Presumably mindful of the fact that ‘socialist’ is a dirty word in the USA and ‘communist’ completely beyond the pale, Trumbo opens with a contextualising caption reminding domestic audiences that many ordinary, decent Americans were attracted to communism in response to the rise of fascism during the Depression and that the Russkies were good guys in WWII. We’re then introduced to the Red Menace in the witty, genial form of champagne commie and outspoken champion of workers’ rights Dalton Trumbo (Cranston), who also happens to be Hollywood’s hottest screenwriter. By the mid-1940s, however, the witch hunt comes to Tinseltown thanks in large part to powerful, anti-Semitic gossip columnist Hedda Hopper (Mirren), whose determination to expunge the Reds and their sympathisers eventually begins to alienate even such right-wing fellow travellers as the swaggering John Wayne (who, in a crowd-pleasing scene, is reminded that he sat out WWII wearing make-up on a film set while many of the commies were fighting for their country). Defiant Dalton and nine other creatives find themselves hauled before the House Un-American Activities Committee, jailed for refusing to co-operate, and blacklisted so that they can no longer work legitimately in the industry.
Austin Powers and Meet the Parents comedy director Jay Roach might seem an odd fit here, but he’s also behind highly regarded TV movies about the contested 2000 presidential election result (Recount) and the rise of Sarah Palin (Game Change). With Trumbo, he sets out to combine both approaches, bringing comedy to the not obviously mirth-inspiring subject of the Hollywood blacklist. One need look no further than The Big Short to see how this tactic can pay off magnificently. Trumbo’s failings aren’t comedic ones, however, but a tendency to fall back into domestic soap and the imposition of a rather simplistic, formulaic third act tailored to provide emotional uplift as the reactionary rotters get their comeuppance.

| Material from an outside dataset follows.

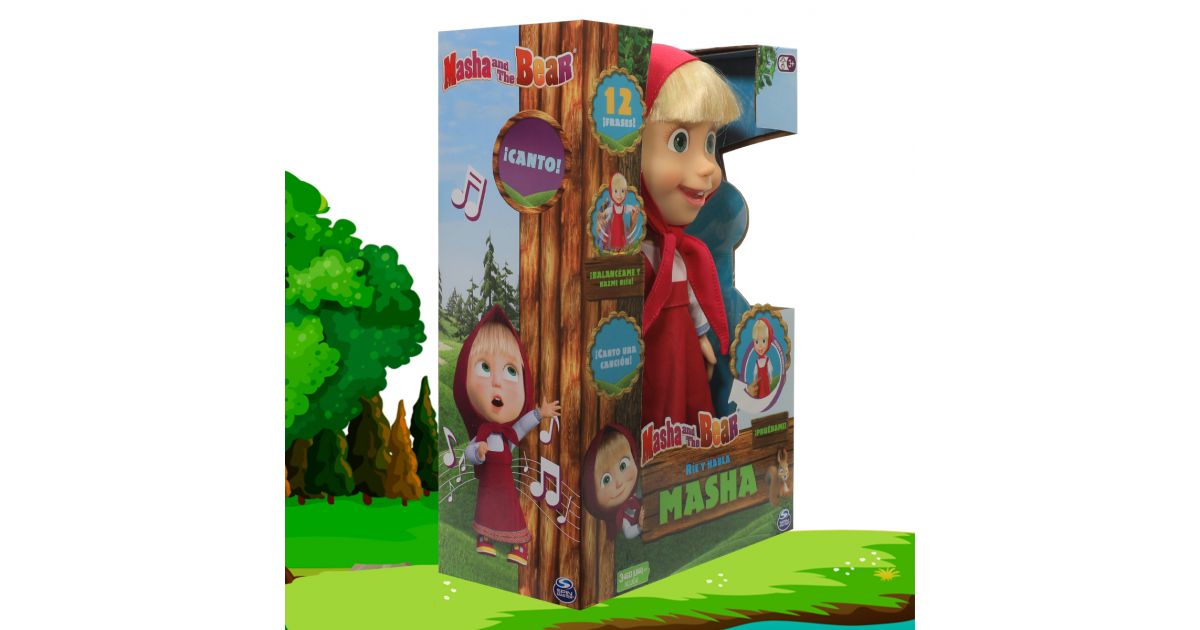 Spin Master Masha and the bear giggle & play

Thankfully, there’s still much to enjoy. Cranston’s nuanced Trumbo is a man of unbending principle, but he’s no great hero figure, being something of a pompous, sermonising ass. Helen Mirren isn’t on screen much, but she gives fabulous poisonous cartoon villain as the odious, vindictive Hopper, drunk on the power conferred by her 35 million-strong readership. There’s also a fine, subtle supporting performance from Michael Stuhlbarg as Edward G. Robinson, who initially sides with Trumbo but is crushed into submission when the acting roles dry up as a consequence. And when our hero finds himself reduced to hacking out scripts for a low-rent, bottom-feeding purveyor of cinematic crap, there’s really only one man for the role: John Goodman, revisiting his Matinee huckster with aplomb. This flawed but mostly enjoyable biopic also gifts Cranston’s Trumbo with a wry message for Trump-era America: “There are many angry and ignorant people in the world. They seem to be breeding in record numbers.”